[BUG] Few issues on prometheus_traffic test case
Describe the bug A couple of issues observed during running the prometheus_traffic test.
Issue 1
The match process function sometimes matches the wrong process, for example, when my cluster don't have Prometheus installed, the function will still match with other process which has the string prometheus in the container running args, see below matched with opa which is installed by the cnf-testsuite:
I, [2022-09-06 16:23:42 +02:00 #287532] INFO -- cnf-testsuite: Match Pod: {node: {"apiVersion" => "v1", "kind" => "Node"
...
"pod":{
"apiVersion""=>""v1",
"kind""=>""Pod",
...
"name""=>""gatekeeper-audit-66c5dd65b7-k9hnm",
"namespace""=>""cnf-testsuite",
...
I, [2022-09-06 16:23:43 +02:00 #287532] INFO -- cnf-testsuite: service_by_pod pod_name: gatekeeper-audit-66c5dd65b7-k9hnm
I think it's because the gatekeeper is running with --prometheus-port=8888 container args.
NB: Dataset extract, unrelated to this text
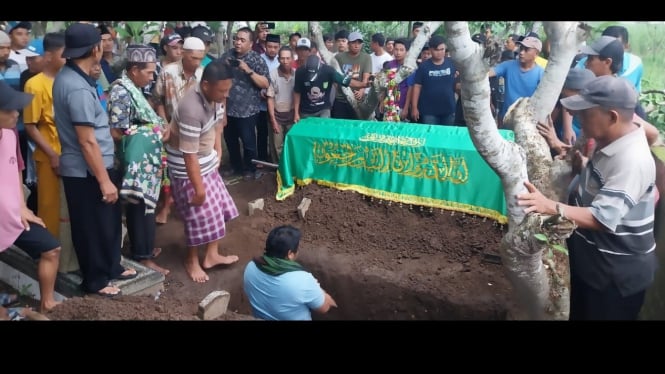 Prosesi pemakaman dua korban ledakan rumah di Mojokerto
Similar has happened even when I installed the Prometheus (along with Alertmanager), the match function matches for the alertmanager pod instead of prometheus pod.
Issue 2
When there is a matching pod, the test is trying to find the service associated with the Prometheus pod, however the function KubectlClient::Get.service_by_pod(match[:pod]) is only looking for the service in default namespace while looking for the pods in all namespaces, so if I have installed prometheus in another namespace, there will never be a match:
#utils/kubectl_client/kubectl_client.cr
def self.service_by_pod(pod : (JSON::Any | Hash(String | Nil, String)))
Log.info { "service_by_pod pod: #{pod}" }
services = KubectlClient::Get.services
# The function self.services has default all_namespace set to False
def self.services(all_namespaces : Bool = false) : JSON::Any
cmd = "kubectl get services -o json"
if all_namespaces
cmd = "#{cmd} -A"
end
result = ShellCmd.run(cmd, "KubectlClient::Get.services")
response = result[:output]
Issue3 The service_url generation also has some problems:
- It assumes the service will be run only in default namespace
- It assumes the service will be run on port 80.
If not matching the above assumptions, the curl will timeout and the test will be skipped.
service = KubectlClient::Get.service_by_pod(match[:pod])
service_url = service.dig("metadata", "name")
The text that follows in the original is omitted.